All of this entailed an act of personal and collective imagination. Muslims whose forebears hailed from Anatolia but also from the Caucasus, Albania, Bulgaria, Crimea, Greece, or other far-flung parts of the old empire suddenly transformed themselves from immigrants into indigenes. Under the Ottomans, few of these families would have dreamed of using “Turk” to describe themselves. That label was generally reserved for a country bumpkin more comfortable astride a donkey than in the sophisticated environs of Istanbul. It was a term that represented the very thing that enlightened Ottomans had despised most about their own empire—the benighted, n
omadic, and fitfully loyal peasants who inhabited the darkest reaches of Anatolia. One could be a Muslim and a subject of the sultan. No one wanted to be a Turk.
Mustafa Kemal’s great innovation—rooted in the theories of the writer Ziya Gökalp, the chief ideologist of Turkish nationalism—was to elevate the derogatory label into a new nationality. Living the ideals of the national revolution was meant to be a personal commitment on the part of each new citizen. “I am a Turk,” pupils were eventually instructed to chant at the beginning of each day’s classes. “I am honest. I am hardworking. My code is to protect those younger than me, respect my elders, and love my homeland and my nation more than myself. My quest is to rise higher and go farther. May my whole life be a gift to Turkishness.” The oath was not so much a pledge of allegiance as a promise of self-improvement. Few countries have gone through revolutions whose aim was to make everything seem so deeply ordinary—making Turkey and the Turks, in other words, a nation just like any other, with their own national liberation movement, national heroes, and national language. But the core of Kemalism was precisely that: a belief that the rump empire and its multilingual, multireligious subjects needed to be dragged, one soul at a time, into modernity.

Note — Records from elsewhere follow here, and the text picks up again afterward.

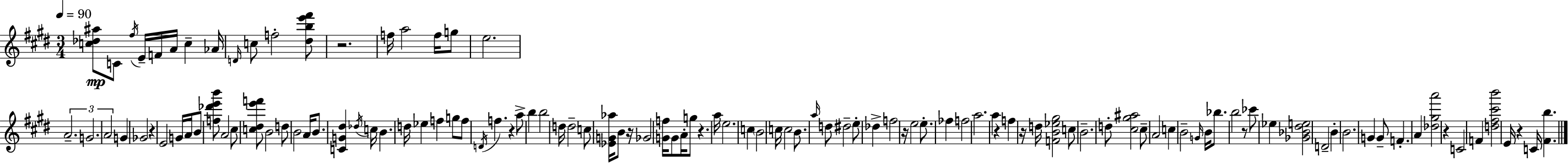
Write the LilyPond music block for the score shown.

{
  \clef treble
  \numericTimeSignature
  \time 3/4
  \key e \major
  \tempo 4 = 90
  <c'' des'' ais''>8\mp c'8 \acciaccatura { fis''16 } e'16-- f'16 a'16 c''4-- | aes'16 \grace { d'16 } c''8 f''2-. | <dis'' b'' e''' fis'''>8 r2. | f''16 a''2 f''16 | \break g''8 e''2. | \tuplet 3/2 { a'2.-- | g'2. | a'2 } g'4 | \break ges'2 r4 | e'2 g'16 a'16 | b'8 <f'' des''' e''' b'''>8 a'2 | cis''8 <c'' dis'' e''' f'''>8 b'2 | \break d''8 b'2 a'16 b'8. | <c' g' dis''>4 \acciaccatura { des''16 } c''16 b'4. | d''16 ees''4 f''4 g''8 | f''8 \acciaccatura { d'16 } f''4. r4 | \break a''8-> b''4 b''2 | d''16 d''2-- | c''8 <ees' g' aes''>16 b'8 r16 ges'2 | <g' f''>16 g'8 a'16-. g''8 r4. | \break a''16 e''2. | c''4 \parenthesize b'2 | c''16 c''2 | b'8. \grace { a''16 } d''8 dis''2-- | \break e''8-. des''4-> f''2 | r16 e''2 | e''8.-. fes''4 f''2 | a''2. | \break a''4 r4 | f''4 r16 d''16 <f' b' ees'' gis''>2 | c''8 b'2.-- | d''8-. <cis'' gis'' ais''>2 | \break cis''8-- a'2 | c''4 b'2-- | \grace { g'16 } b'16 bes''8. b''2 | r8 ces'''8 ees''4 <ges' bes' dis'' e''>2 | \break d'2-- | b'4-. b'2. | g'4 g'8-- | f'4.-. a'4 <des'' gis'' a'''>2 | \break r4 c'2 | f'4 <d'' fis'' cis''' b'''>2 | e'16 r4 c'16 | <fis' b''>4. \bar "|."
}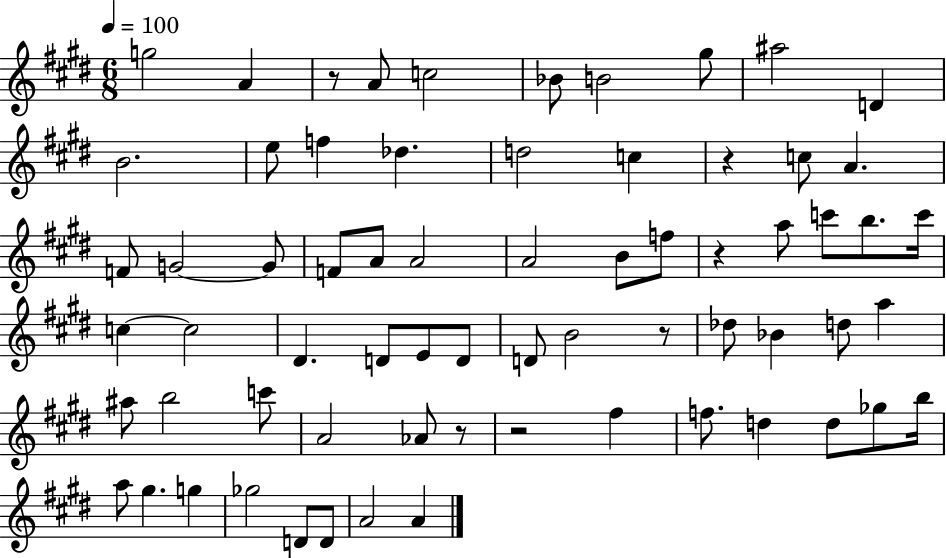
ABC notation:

X:1
T:Untitled
M:6/8
L:1/4
K:E
g2 A z/2 A/2 c2 _B/2 B2 ^g/2 ^a2 D B2 e/2 f _d d2 c z c/2 A F/2 G2 G/2 F/2 A/2 A2 A2 B/2 f/2 z a/2 c'/2 b/2 c'/4 c c2 ^D D/2 E/2 D/2 D/2 B2 z/2 _d/2 _B d/2 a ^a/2 b2 c'/2 A2 _A/2 z/2 z2 ^f f/2 d d/2 _g/2 b/4 a/2 ^g g _g2 D/2 D/2 A2 A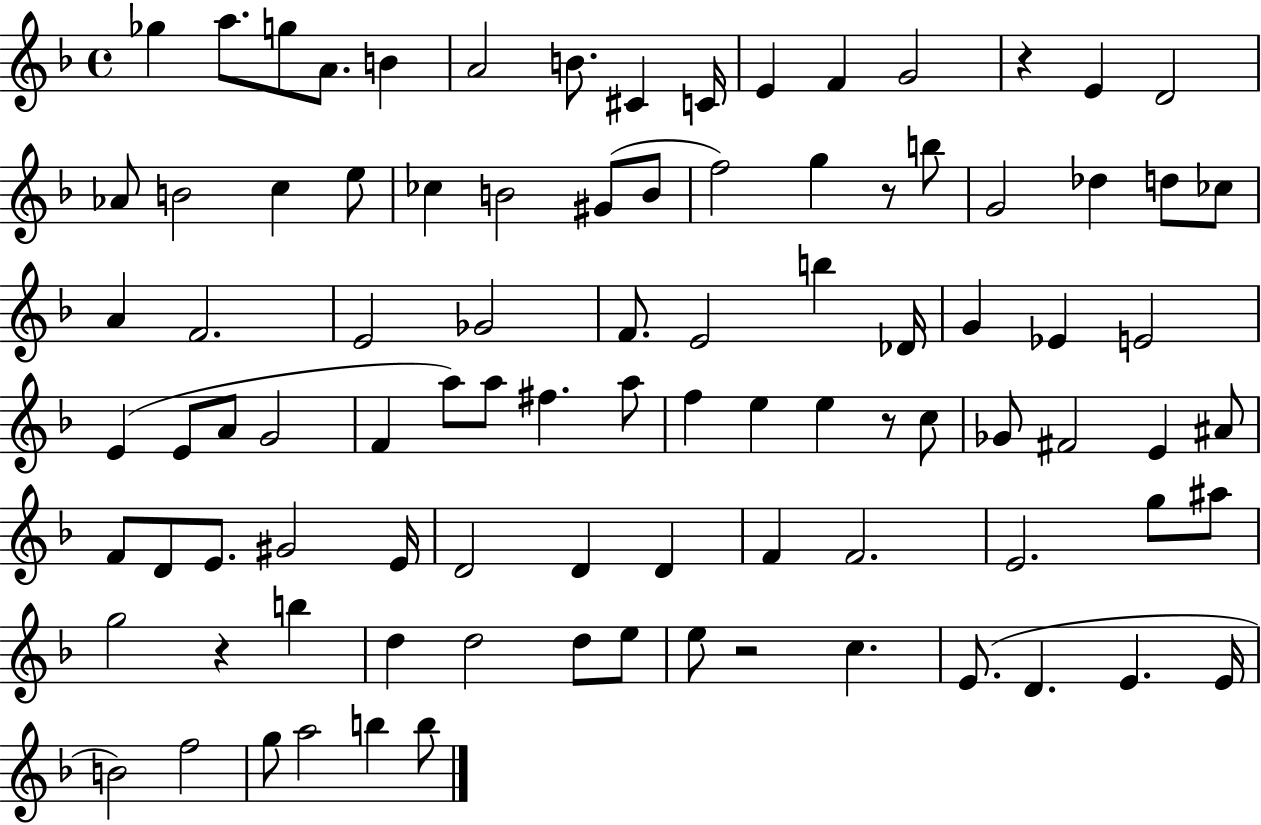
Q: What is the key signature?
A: F major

The nation was hailed as both capacious and aboriginal. Like the simple act of professing belief in one God, a Muslim of Kurdish, Circassian, or Albanian background could participate in the nation-building project with a simple declaration of faith in the new nationalism. “Ne mutlu Türküm diyene,” said Mustafa Kemal in a speech on the tenth anniversary of the republic in 1933. “How happy is the person who says, ‘I am a Turk.’” It became one of his most famous dictums, engraved on stone monuments to the president everywhere. The phrase was at the same time descriptive and cautionary. It was an honor to be a Turkish citizen—the constitution defined all Turkish citizens as Turks, regardless of religion or heritage—but it made life easier if you claimed you were a Turk in an ethnic sense as well. Even a Greek or Armenian Christian, with a bit of inventiveness and a careful silence about who her parents had been before 1923, might manage the same feat.